At the PCC the utility's responsibility for power delivery ends and the consumer's responsibility for their internal power quality begins. The PCC is typically located at the electrical meter, the service transformer secondary terminals, or the main service entrance. The conditions and characteristics of the electrical supply, such as voltage, frequency, and power quality, are measured and monitored at this point to ensure compliance with grid codes and regulatory standards.

In the context of Distributed Energy Resources (DERs) and microgrids, the PCC takes on added significance. It is the point where locally generated power—from sources such as solar panels, wind turbines, or combined heat and power (CHP) systems—may be injected into the grid. The behavior of these systems, including their power sharing capabilities in both grid-connected and islanded modes, is evaluated at the PCC. The design and operation of DERs must ensure that their interconnection does not negatively impact the grid's stability or power quality. The PCC also plays a vital role in the protection and safety of the electrical network, as it is the location where protection devices are installed to isolate the customer's system from the grid during faults or other abnormal conditions.

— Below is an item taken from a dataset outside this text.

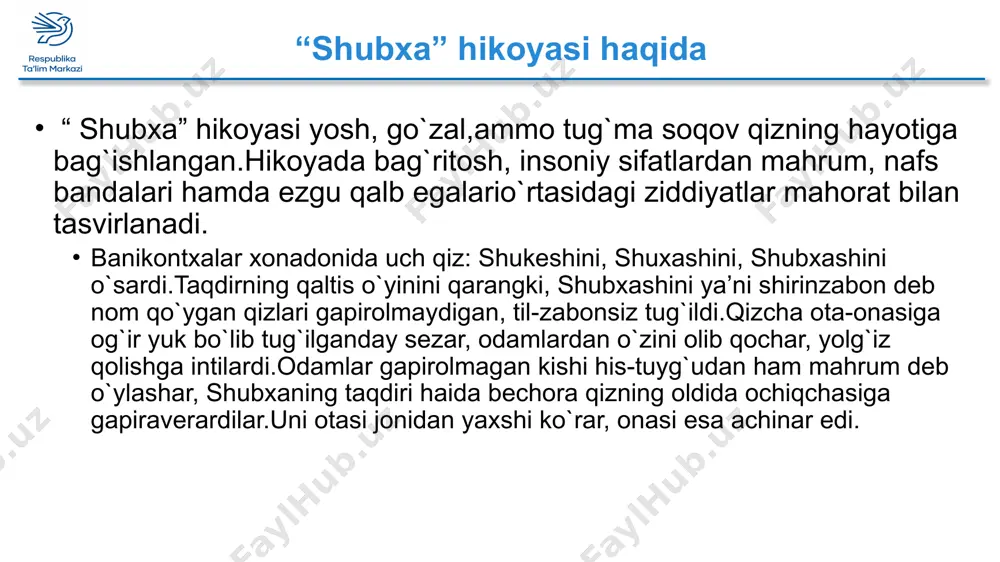 "robindranat thokurning “shubxa” hikoyasi tahlili" - Page 4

Power quality issues, such as harmonic distortion, voltage sags, and voltage swells, are frequently analyzed at the PCC. These issues can arise from either the utility side or the customer side and can have detrimental effects on sensitive equipment and overall system reliability. For this reason, standards such as IEEE 519 and others provide guidelines for the limits of harmonic current and voltage distortion at the PCC. Adhering to these standards is essential for maintaining a reliable and stable electrical grid. The PCC is thus both a physical connection point and a critical interface for ensuring the safe, stable, and high-quality transfer of electrical power between a consumer and the main grid.

== Definitions ==
IEEE Std 1547-2018 defines the PCC as the connection between an area electric power system (Area EPS) and a local electric power system (Local EPS). A Local EPS is confined to a single premises or group of premises, while an Area EPS serves Local EPSs. The PCC usually corresponds to the service point defined in the National Electrical Code and the National Electrical Safety Code.

IEEE 1547 declares the differnce between the PCC and the point of DER connection (PoC): at the latter an individual distributed energy resource attaches to the Local EPS and has to support the requirements of the standard. It also defines a reference point of applicability (RPA), where the performance requirements apply. This is generally the PCC, although under specified conditions it can be the PoC or a point between them.

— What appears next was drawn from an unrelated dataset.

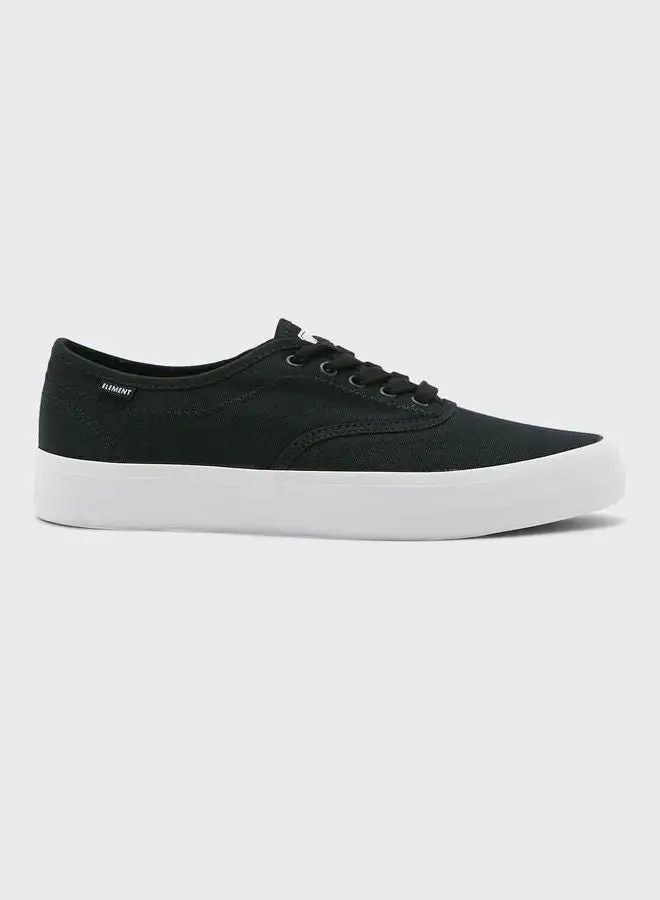 Element Casual Lace Up Low Top Sneakers Black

IEEE Std 519-2022 deals with harmonic distortions and defines the PCC as the point on the public supply network closest upstream to a particular load where there is a (real or potential) connection to other loads. In case of an industrial customer supplied through a dedicated service transformer, the PCC is usually on the transformer's high-voltage side. For commercial customers sharing a service transformer, it is commonly on the low-voltage side. The standard's harmonic limits apply at the PCC to the installation as a whole; they do not apply to individual equipment or to points within the customer's installation.

IEEE Std 2030.7-2017 specifies the functions of microgrid controllers and uses the term point of interconnection (POI) instead of point of common coupling exacly due to the different meanings of POC across standards and guidelines. It defines the POI as the electrical connection through which a microgrid connects to or disconnects from the main distribution grid. For the purposes of the standard, the microgrid interacts with the external grid through one controlled point, even if several physical connections exist.